◆ About this exercise ◆
Beginning with the line that contains "this 500×667 image.", transcribe the rest of the listing below exactly, including its last line, and exclude any pictures.

◆ Given entries ◆
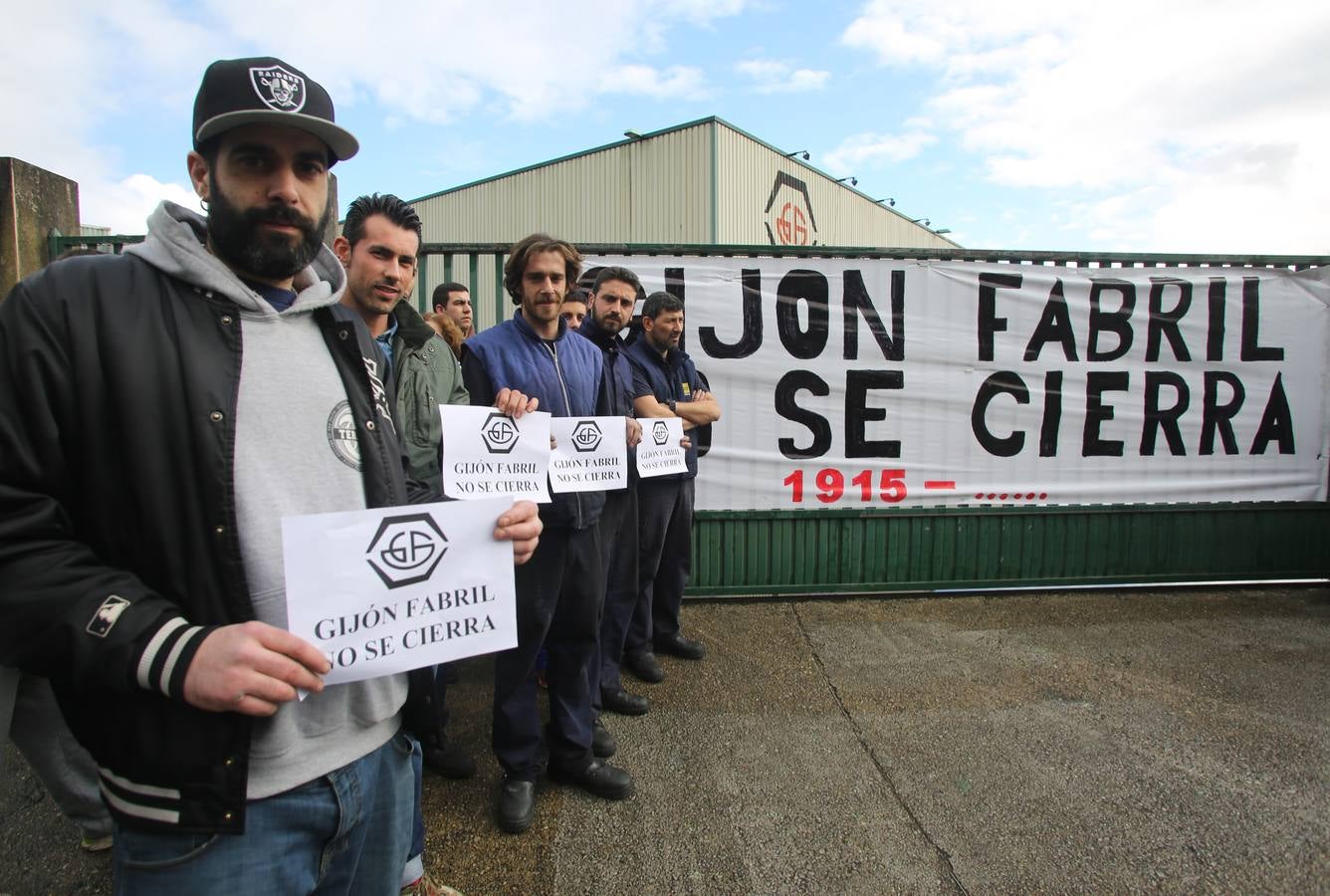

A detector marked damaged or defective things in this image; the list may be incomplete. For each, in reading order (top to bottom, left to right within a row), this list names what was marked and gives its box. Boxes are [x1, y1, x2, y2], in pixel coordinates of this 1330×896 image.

crack in pavement [781, 600, 973, 893]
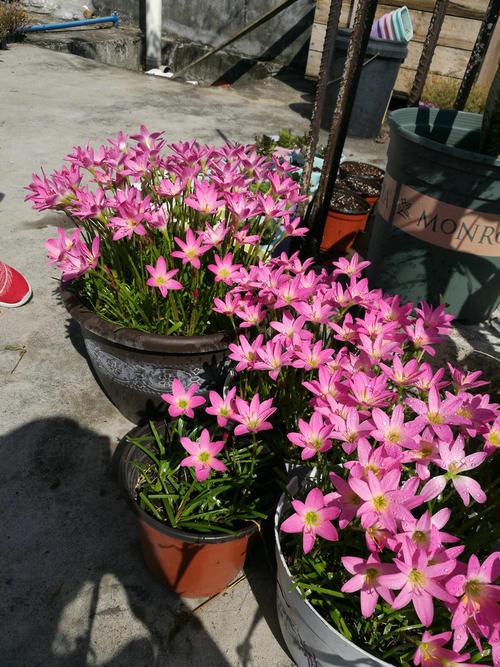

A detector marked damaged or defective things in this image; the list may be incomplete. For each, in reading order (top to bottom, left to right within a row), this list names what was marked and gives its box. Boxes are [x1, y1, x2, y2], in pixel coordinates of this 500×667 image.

rusty metal post [298, 0, 342, 200]
rusty metal post [308, 0, 378, 256]
rusty metal post [406, 0, 450, 105]
rusty metal post [454, 0, 500, 111]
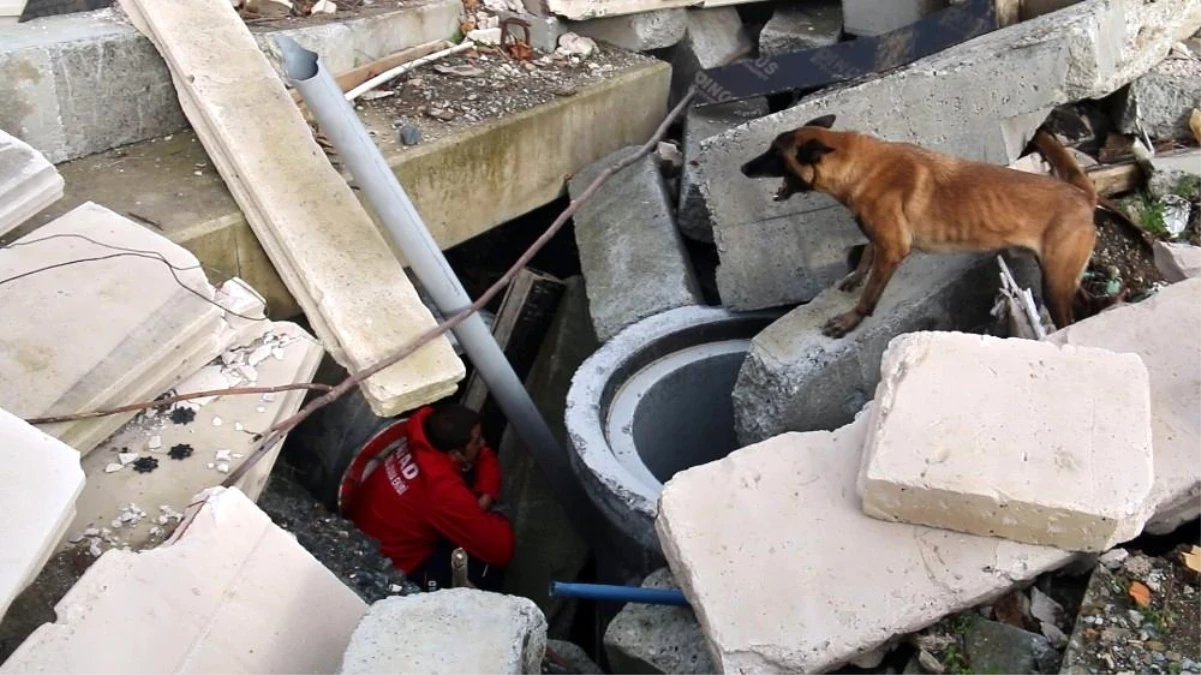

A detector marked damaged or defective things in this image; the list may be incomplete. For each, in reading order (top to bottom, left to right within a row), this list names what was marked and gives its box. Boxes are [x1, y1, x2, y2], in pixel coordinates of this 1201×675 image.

◆ Exercise solution ◆
A detector marked damaged or defective things in this image; the list may be incomplete. For each, in reading order (top to bottom, left to right within a row), this list names what was marked and gives its box. Boxes are [x1, y1, x2, y2], in pixel coordinates of this 500×667 image.

rusty metal post [298, 0, 342, 200]
rusty metal post [308, 0, 378, 256]
rusty metal post [406, 0, 450, 105]
rusty metal post [454, 0, 500, 111]

A detector marked damaged or defective things in this image; the list may be incomplete. For each, in reading order (top to bottom, left to right within a row), this list names what was marked and gives its box. Boxes are [x1, y1, x2, y2], in pixel coordinates of this 1201×675 image.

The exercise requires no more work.